One week on Indian soil….
One week of being with family and meeting relatives…..
One major discovery….
Oh My GOD!!!! Dhruv is so lean!!!!
Kitna kamzor hai (he is so weak) and all the nani-dadi’s melodrama attached with a lean (read: kamzor) child (read: khandan ka chirag).
I am well aware of his picky eating habits, his non-existent relationship with milk and any milk preparations and his persistent usage of the word NO to any request, instruction, order or coaxing for tasting anything new. I have connived all sorts of plots for pushing veggies and dals down his system employing the means of thinly chopping, grating, shredding and pureeing into his chapatis, rice meals and pastas.
But all these attempts never showed up any visible traces of muscles adding to my little boy. And then I settled myself with the thought that I have an active child with a high metabolism rate.
Did I realise that all this peace pact will only last till the time I have nobody to show me the real picture for I had stayed all alone far away from my extended family?
Cut to the present.
Nobody seems to understand the concept of metabolism. However, I do understand the reason of their ignorance which is rooted in our culture, which is about ‘hatte-katte bachhe hote hain achhe’ (fatter looking children are good and healthy). This cultural paradigm was duly supported by the lab experiment in which Dhruv slipped twice within a 15 minute duration thus putting a seal on his frailty and an end to meta-seta-zeta-bolism.

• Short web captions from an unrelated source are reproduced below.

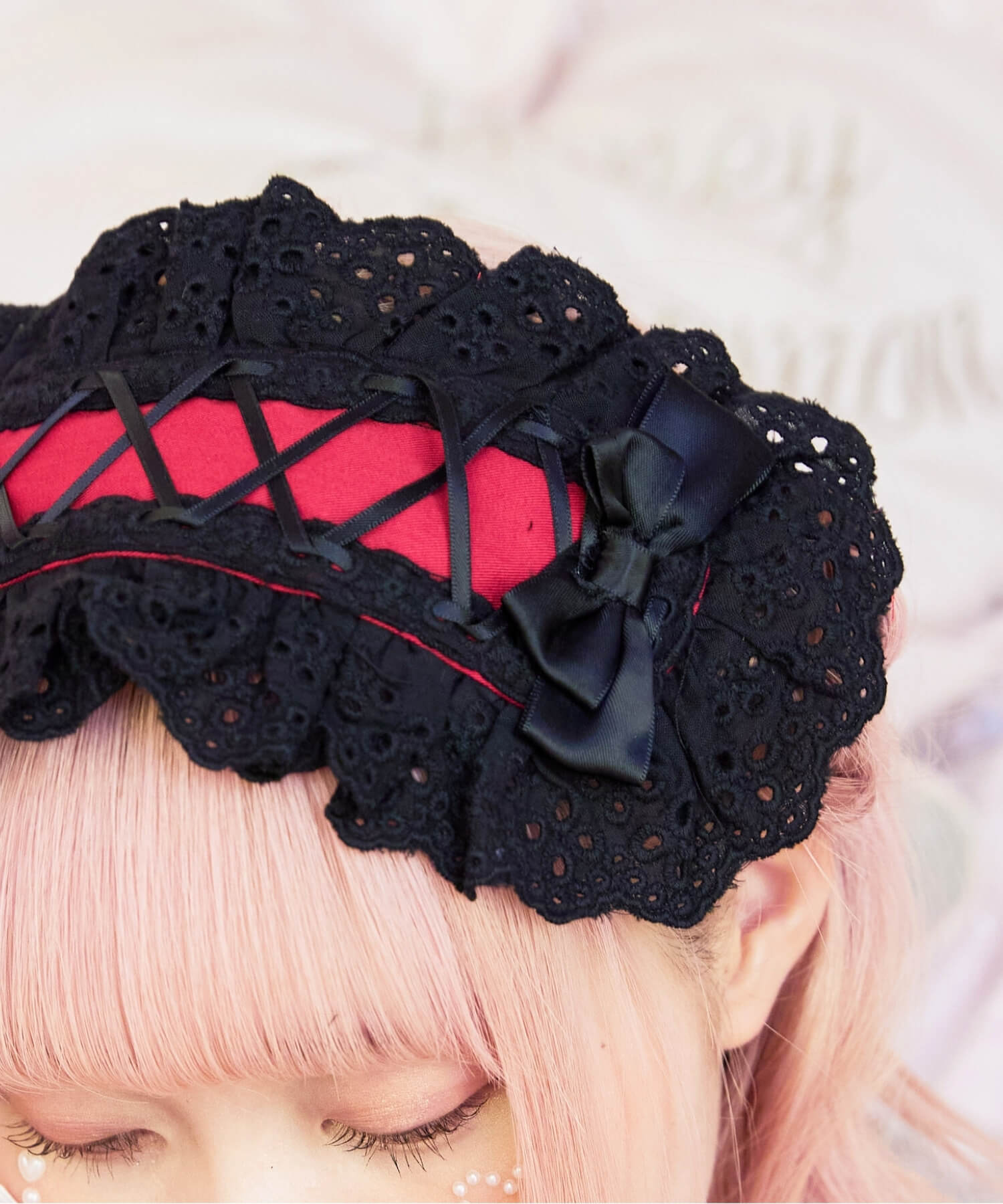 Cut lace ribbon headdress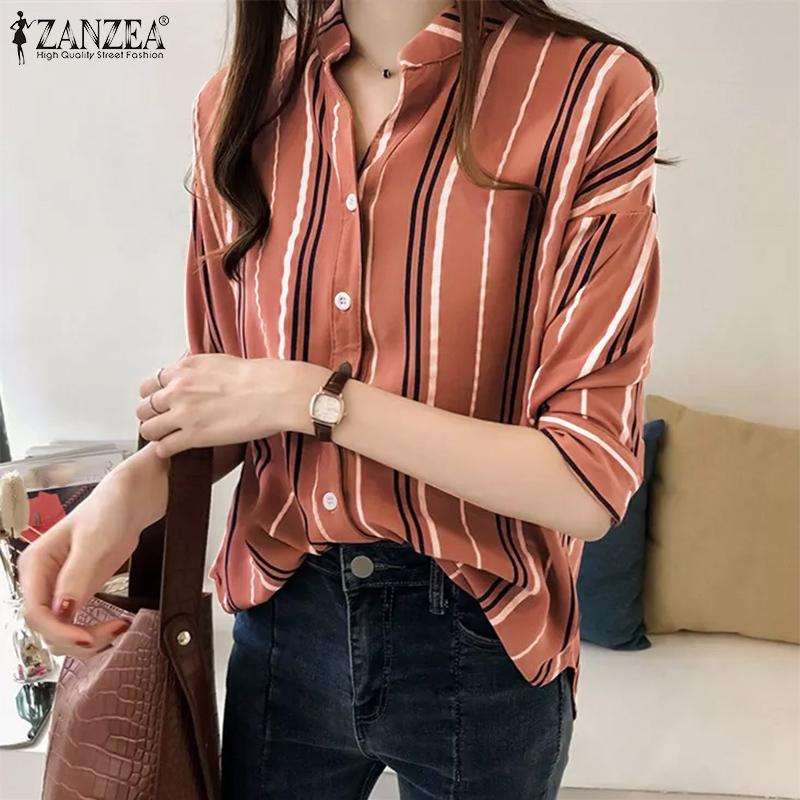 

ZANZEA Женщины Повседневный V-образный вырез Половина рукава Летняя полосатая блузка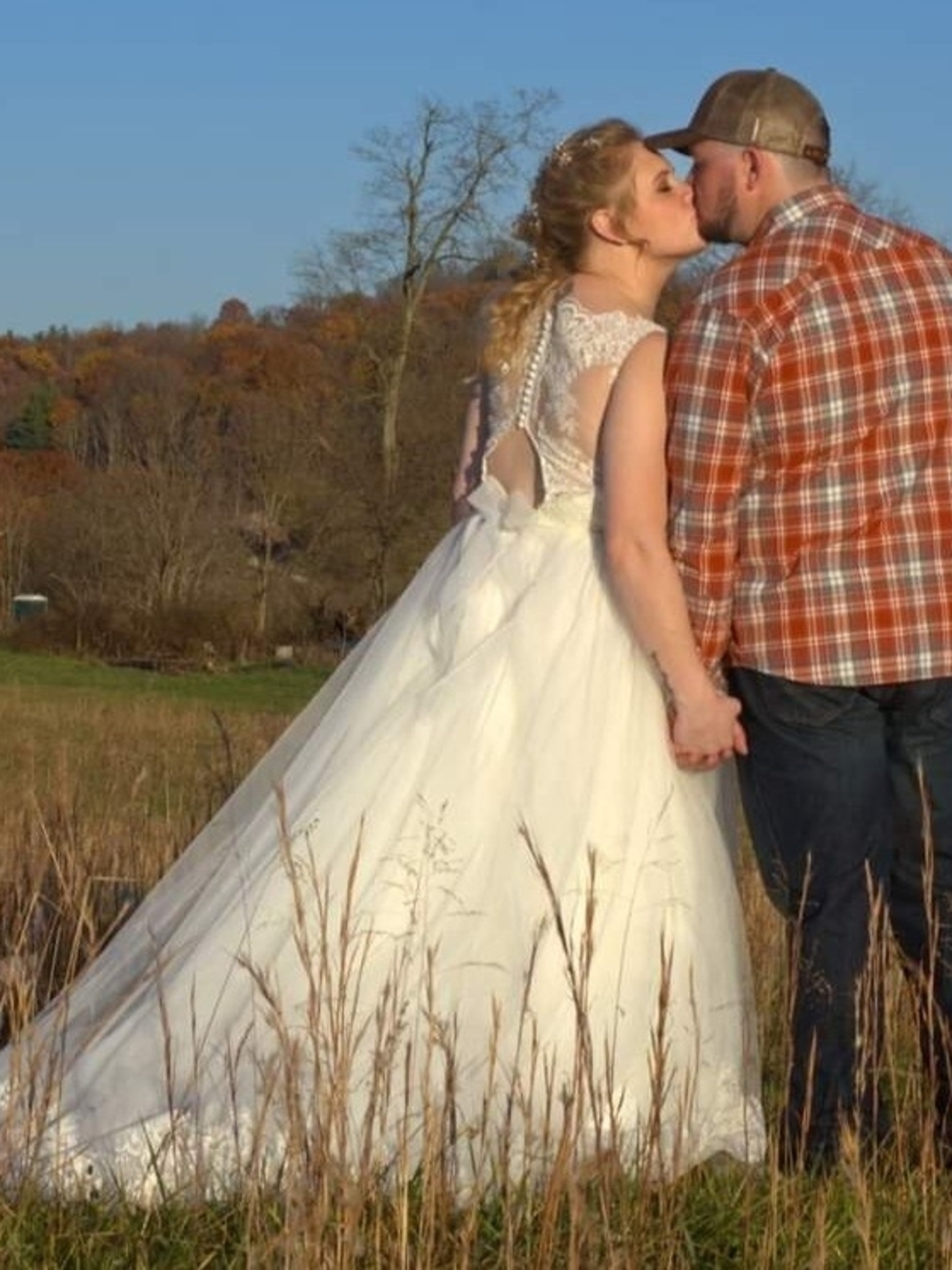 Adrianna Papell White Bridal Gown with Beaded Waist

Since none of my attempts of providing explanations worked, I considered better to acknowledge that yes he is weak. My acknowledgement further strengthened their urge to offer key weight management consultancy. Even my Presswali had tips for me as how to drain milk down his throat straight into his tummy. I now wonder if she is a fan of Aamir Khan too for the perfect demo she rendered about the procedure transported me into the flashback 20 years ago when how we used to forcibly open the mouth of our sick pet dog to push down medicines inside him. Thanks but sorry I could accept only the ironed clothes but not the well-meant advice because I had money to offer in return of her service.
Another form of dadi-nani love is to let the lean and the weak and the frail child eat whatever he likes in whatever proportions he likes for the fact that he does not eat much. ‘Whatever he likes’ could range from chocolate biscuits and chips to cashews and raisins to sweets and laddus.
I have to feel lucky that nobody noticed or had the courage to bring into my notice the expansion I have gone through by all the overall pounds addition linking it to Dhruv’s lean frame and holding me guilty of stealing and eating away his food.
What am I thinking here? Off course nobody would be thinking that way. A lean child doesn’t make a mean mother.